Reports have conflicting views about the effects of the histological types on the outcomes. Several population-based and retrospective studies have shown worse outcomes for patients with adenocarcinoma with an increased distant metastasis when compared with those with squamous cell histology [15, 22, 23]. One report showed that an adenosquamous cell type behaved more aggressively than the pure squamous counterparts . Farley JH reported that adenosquamous histology predicted a poor outcome for patients in advanced stages, but not early-stage cervical carcinoma . In our study, women with adenosquamous cell carcinoma histology were more likely to develop the recurrent disease but the results are not statistically significant.

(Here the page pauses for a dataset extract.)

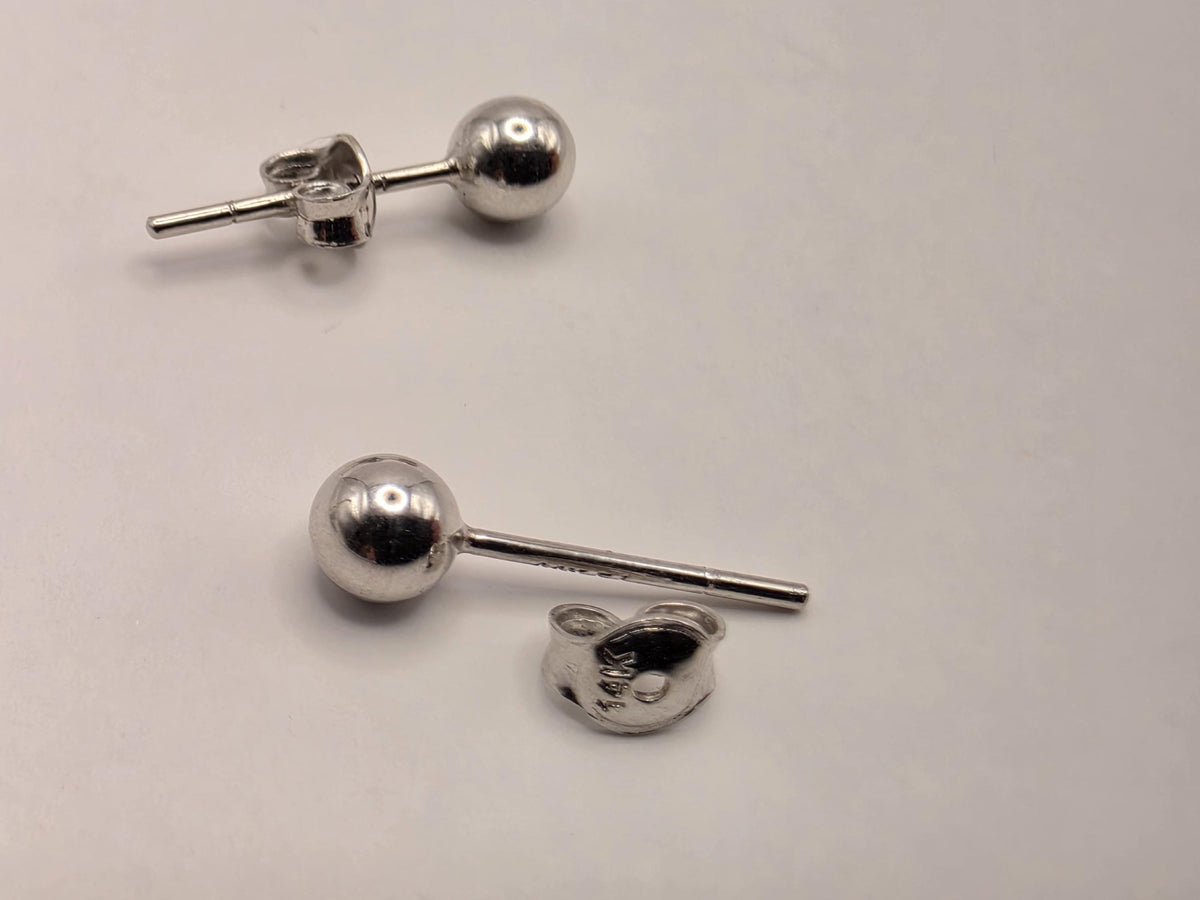14K White Gold Petite Ball Stud Earrings, 0.125 Inch, 0.6g Minimalist Fine Jewelry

Although there are a lot of studies regarding cervical cancer in Thailand, most of those were conducted in regions in which their incidences and histological distributions differed. The strengths of this study were the inclusion of patients who were treated at a single institution with long-term follow up. All pathological specimens were examined by experienced pathologists at our institute. We also updated the Latest status of the patients from the records of civil registration to minimize the loss to follow up rates. However, the design of this study is retrospective and some important data was not available and thus, had not been completed. As there is no Radiotherapy Unit in our hospital, we referred some patients to a nearby hospital for the adjuvant treatment. The data regarding the time to access radiation delivery, compliance and complications of adjuvant therapies were not included in this study. These may affect the results of the prognosis of the disease. In conclusion, the five-year DFS for early-stage cervical cancer seen at our institute was 84% which is comparable to the results seen in previous studies. Stage, LN status and tumor size were important prognostic factors as assessed from univariate analysis but no statistically significant effects were seen in the multivariate analysis. Further studies of survival rates with larger sample sizes are required to help confirm the results. However, our data can be used as the baseline epidemiologic data for our institute and provide the physicians with some guidance in counseling patients about the consideration of adjuvant therapy.